Further, the capital market regulator may face hurdles to attach them as the properties are spread over many States, which means the regulator needs the support of the State governments to recover these funds.
“Before appropriating the amount, the SEBI has to crystallise the liabilities,” said R. S. Loona, Managing Partner, Alliance Corporate Lawyers. “Once SEBI does this then the appropriation will be followed under the supervision of the Supreme Court,” added Mr. Loona, who was also the Executive Director, Legal of SEBI, earlier.
The market regulator initiated the action of attachment of bank accounts of promoters and their assets on February 13.
Two questions arise now: “Whether Sahara will be able to repay the money back? Whether they (investors) are benami or genuine?” says Sandeep Parekh, Founder, Finsec Law Advisors, quoting the Supreme Court.
According to him, there is an effort on the part of Sahara Group to circumvent the orders, “which hurts the faith of the public on regulations”.

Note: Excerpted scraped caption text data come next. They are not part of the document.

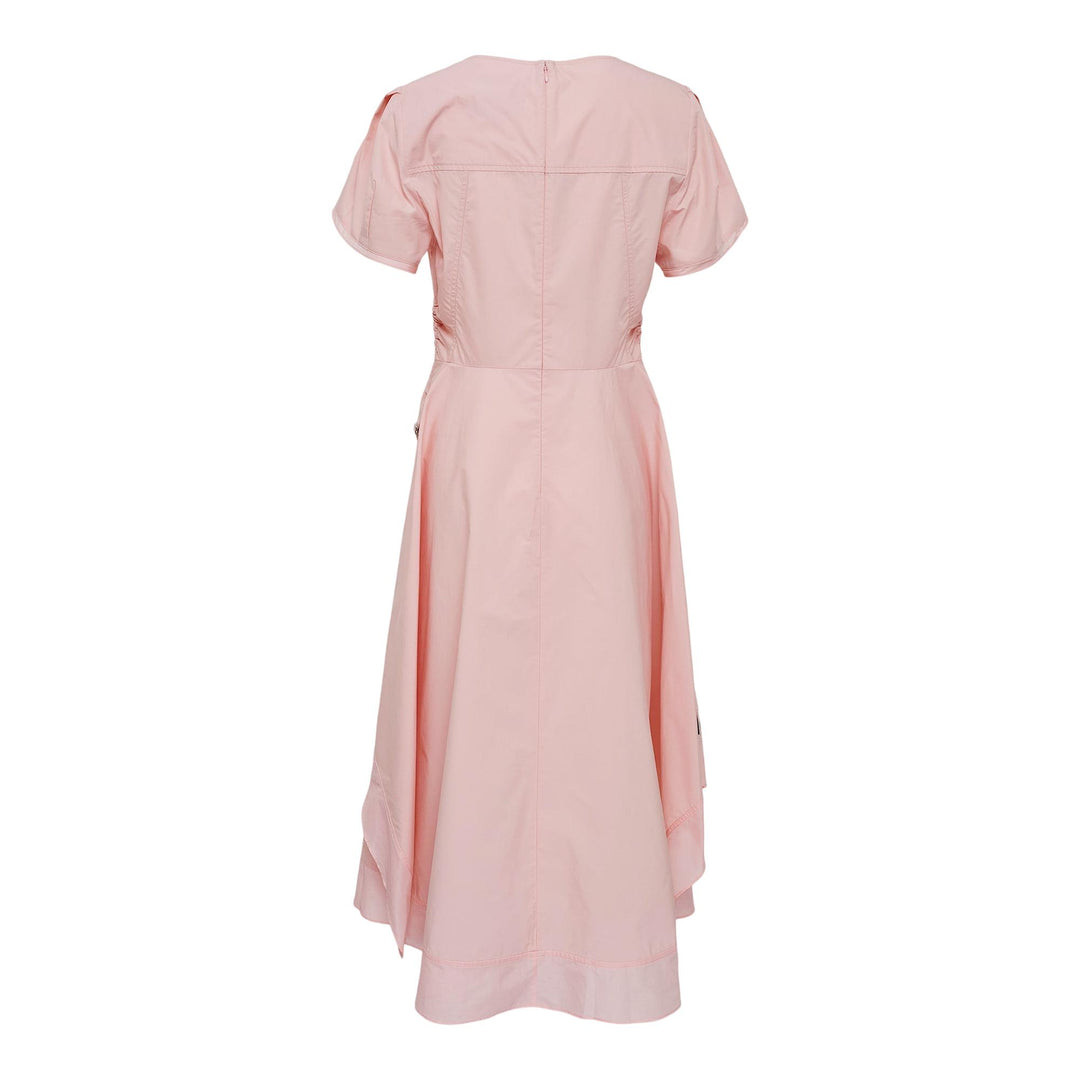 Club21 - 3.1 Phillip Lim - Tulip Sleeve V-Neck Dress - WOVEN DRESSES - Pink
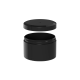 Comprar Chubby Gorilla Contenedor de bolsa CR de doble compartimento de 50g/50g (contenedor negro brillante con cierres negros) al por mayor en España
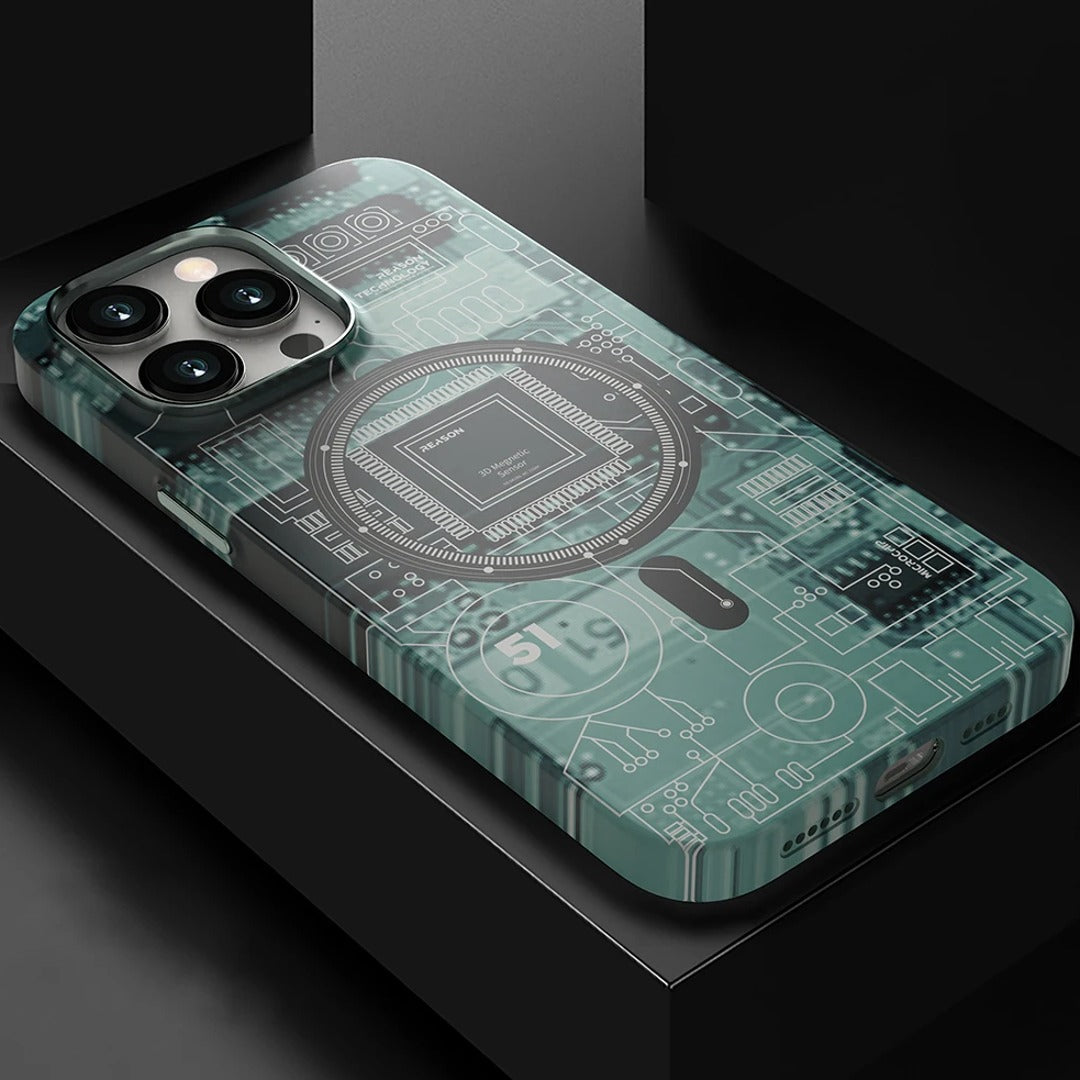 iPhone 14 Series Electric Circuit Board Case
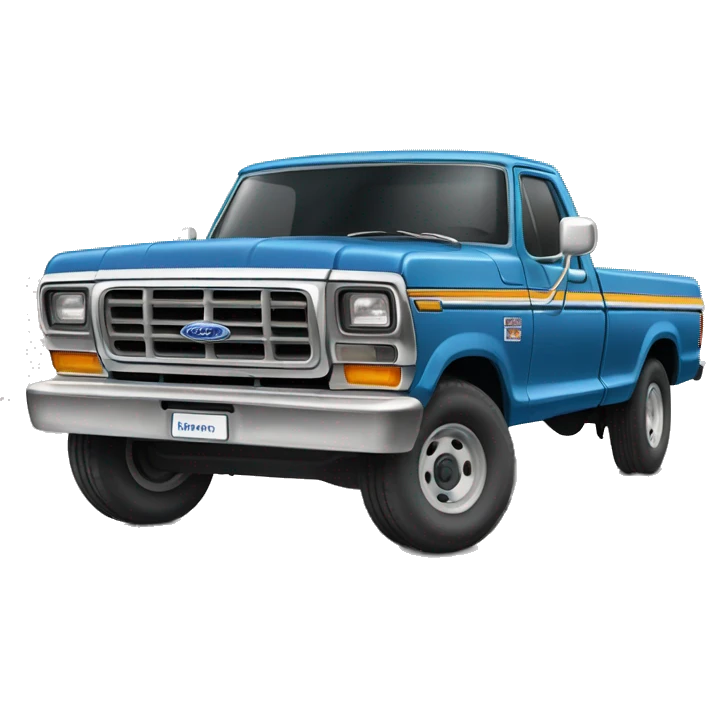 1980’s ford truck emoji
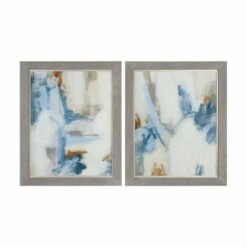 Best Sale 😍 Uttermost Intermittent Abstract Modern Arts (Set Of 2) - Multi-color 🌟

However, Mr. Parekh believes that the regulator has been consistent in its stand against the Sahara Group.
“To monetise these assets, SEBI has to auction them which would not be an easy task for the regulator as many obstacles would be created by interested parties,” said Mr. Parekh, who too was an Executive Director, Legal of SEBI. Meanwhile, lot of funds of Sahara Group moved out of Sahara’s accounts as it made huge investments in hotels and other prime properties in London and New York.